# Bp output capacitors



## Zrafferty (Jul 11, 2017)

I have an Orion 2500d. Both output filter capacitors blew out on me. Value are 33i3f 200v nonpolar/bipolar . Looked around cant find one close.


----------



## Zrafferty (Jul 11, 2017)

33uf 200v *


----------



## TallTexan (Dec 14, 2007)

Read https://electronics.stackexchange.com/questions/69715/can-two-electrolytic-capacitors-be-made-into-a-bipolar

Basically take two 66uf 200v polarized in series back to back. 66uf because its twice 33 since running in series for caps halves the capacitance.

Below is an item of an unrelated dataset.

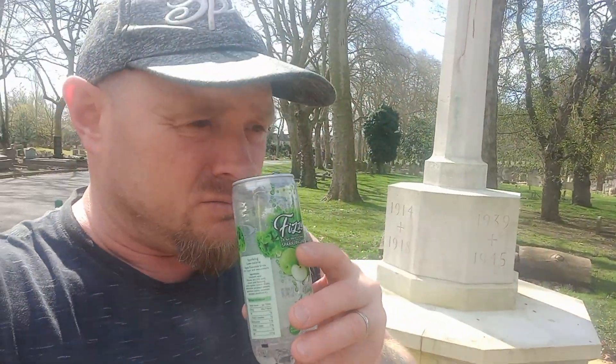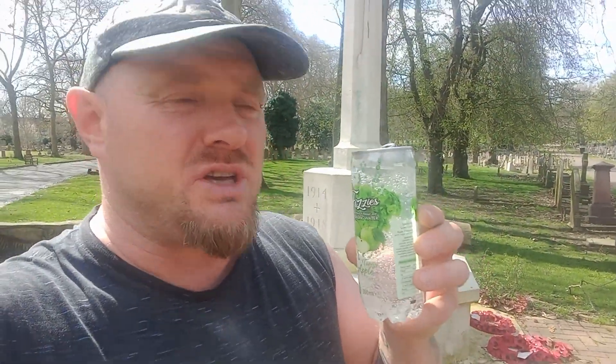Oh yeah, definitely smells of apple — no two ways about that. It says it's a fun blend of flavor and sparkling water, the tangy apple flavor. Smells very strong of apple. Alright, let's see how we get on with this one.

Before you charge off to replace these, you have to ask yourself what cause them to blow in the first place? Unless it was a transitory issue, the new caps will blow just like the old ones under the same conditions.


----------



## Zrafferty (Jul 11, 2017)

I saw that online saw people adding a resistor as a buffer. Every transistor and get were replaced before I bought it. My one sub got clipped didn't notice it (bandpass box) so thinking it was from distortion. Had a pioneer hu which usually you can max out without issue.
Could also be from age of the cap that it blew.
When I got amp 1 of the 2 were blown other blew a month after


----------